Des mauvaises herbes
Vous vous souvenez d'Alma? C'est une jeune femme très érudite. Mais comme toute être humain, elle doit faire face à des situations et des émotions qu'on ne peut apprendre dans des livres ou des autres : il faut les vivre...
«- Je suis consciente que tout le monde connait des déceptions, Hanneke.
- Je ne suis pas certaine que tu en soies conscience. Tu es encore jeune, alors tu ne penses qu’à toi. Tu ne remarques pas les avanies que subissent les gens autour de toi. Ne proteste pas : c’est vrai. Je ne te condamne pas. J’étais aussi égoïste que toi quand j’avais ton âge. C’est la disposition des jeunes d’être égoïste. A présent, je suis plus sage. C’est dommage que l’on ne puisse mettre une vieille tète sur de jeunes épaules, sans quoi tu serais sage aussi. Mais un jour tu comprendras que personne ne traverse la vie en ce monde sans souffrir, quoi que tu imagines de leur vie et du bonheur que tu leur prêtes.
- Que devons-nous faire de notre souffrance, alors? demanda Alma.
Ce n’était pas une question qu’elle aurait jamais posée à un prêtre, un philosophe ou un poète, mais elle était curieuse – désespérée même – d’entendre ce que Hanneke de Groot [sa nourrice hollandaise] avait à répondre.
- Eh bien mon enfant, tu peux faire ce que bon te semble de ta souffrance, dit doucement Hanneke. Elle t’appartient. Mais je dois te dire ce que je fais de la mienne. Je l’empoigne par les cheveux, je la jette à terre et je l’écrase sous mon talon. Je te suggère d’apprendre à en faire autant.»

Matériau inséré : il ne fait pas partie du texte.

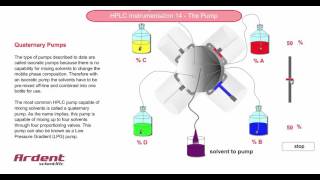 HPLC Instrumentation 14  Quaternary Pump Solvent Proportioning [upl. by Yniffit355]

Extrait de L'empreinte de toute chose, d'Elizabeth Gilbert.
J'aimerai avoir la détermination d'Hanneke pour confronter ce mal. J'aurais tendance à foncer dans le tas, à passer à l'action tout de suite, ou à ne rien dire, alors qu'il faudrait aussi écouter, discerner, délimiter la zone touchée et surtout s'attaquer à la cause, patiemment... Je l'ai dit, je crois que de nos jours, on ne laisse pas assez nos enfants expérimenter et apprivoiser la souffrance quand ils sont petits. Ils tombent? On se précipite. Pire, on les équipe pour leur éviter tout accident. Ils pleurent? On s'empresse de les consoler en leur disant que ce n'est rien.
Mais ce rien prend une place parfois de plus en plus importante dans leur vie. Et ça les met parfois par terre. Ou ça les rend anxieux. Et nous, ça nous laisse désemparés, à chercher des solutions - encore. Ah, l'arracher comme une mauvaise herbe, la déterrer, la jeter loin d'ici et que cette souffrance ne remette plus les pieds chez nous... Ce serait plus facile!